Sunday, July 13, 2008

Hitting That Plateau


I think we all do it. At some point in a diet, you hit a certain weight and stay there, and stay there, and stay there. It's infuriating when it happens. You get so annoyed with seeing that same number pop up on the scale day after day. You wonder what you're doing wrong. You wonder how you've miscalculated. You wonder if your scale is wrong, or if the cat is readjusting the settings every night! Happily, none of this is true. You aren't doing anything wrong, (that is, if you're sticking to your calories.) I don't know why it happens, I only know that it does and it happened to me, too.


The first month I started calorie counting, the weight really came off. I lost 8-pounds the first 30-days. I was ecstatic! And, by the way, don't let anyone discourage you by saying, "it's only water weight." Yeah, and your point is? I don't care if it's only water weight, it's still weight! Does anyone assume it's water weight when you're putting on the pounds?? If that's the case, someone could simply say, "Well, I weigh 200 pounds but 15 pounds of that is water weight, you know, so I'm really only 185 pounds." Weight is weight and what matters is whether you can button that skirt or favorite pair of jeans. Having said that, my first 8 pounds probably was a good deal of water, and that's why the second month my body completely put on the breaks. I went for the next 3-weeks without losing an ounce. Some mornings, in fact, I even registered a half to a full pound gained! What in the world was going on, I wondered?

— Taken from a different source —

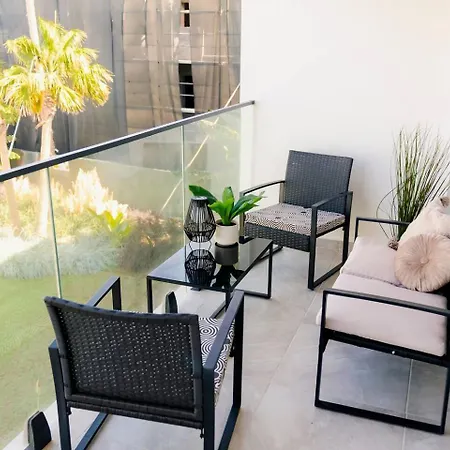 Palmera Wellness & - Rooftop Terrace & Mountain View 2 By Azur Prime דירה *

I was admittedly, very discouraged. I came close to chucking it all in and believing that apparently I was just never going to lose the weight I wanted. But it didn't make any sense to me. I knew that if I ate fewer calories, it had to be making a difference. So in spite of what I was seeing each morning, I stayed with it. Determined to see it through. It got to be a challenge, a tug of war between me and the bathroom scale. Every morning I would hop on it only to be confronted with that same number glaring up at me. I knew there was no way I should be so stuck but there it was. So I would hop off the scale and say, "Fine. You want to play that game? Let's see who can outlast who!" (Or is it whom?) Anyway... I made a decision that if I never lost another pound, I was going to stick with the calories I had determined were the right number for me. Remember I had been to the calorie counter website and knew what was supposed to be the amount that would have me losing weight. Other websites and books on calorie counting had given me similar numbers. I knew unless something really strange was going on in my body, that eventually something had to give.

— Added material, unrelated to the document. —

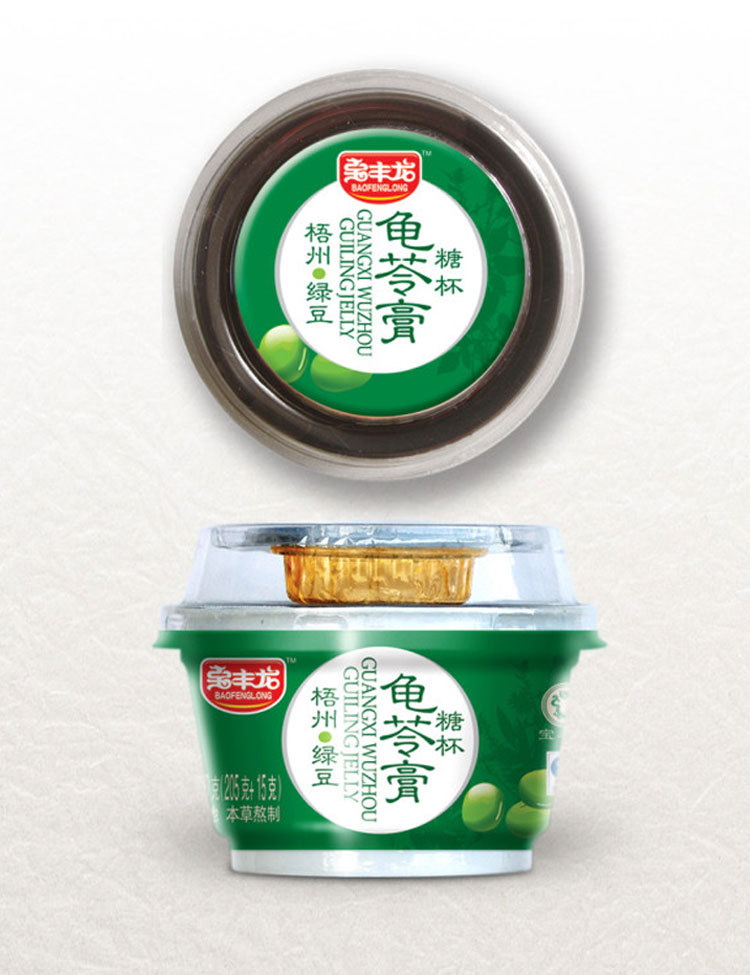 00 品牌 宝丰龙龟苓膏 售卖方式 包装 是否进口 否 商品条形码 sc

Then one morning, like a drain clog that finally breaks free, I was down one whole pound. Eureka! The dam had finally broken. The next week I lost another full pound. I had won the stalemate!

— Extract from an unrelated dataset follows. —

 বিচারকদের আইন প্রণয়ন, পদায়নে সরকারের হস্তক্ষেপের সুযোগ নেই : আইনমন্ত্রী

After that, the weight continued dropping off a pound or two a week. I didn't really plateau again but I know that I could have if my body had decided it wanted to. My message here is don't be discouraged if you get stuck on one particular number on the scale for awhile. I was upset because I wasn't aware it could happen. I'm here to tell you that you don't have to be upset if it happens to you because it appears to be a normal way of things. The important thing is to stick with it. Don't let it control you. Want a new you badly enough to fight for it. We fight for other things we really want. Don't give up on yourself. Respect yourself enough to know that you are worth doing what's right and healthy. The benefits are endless.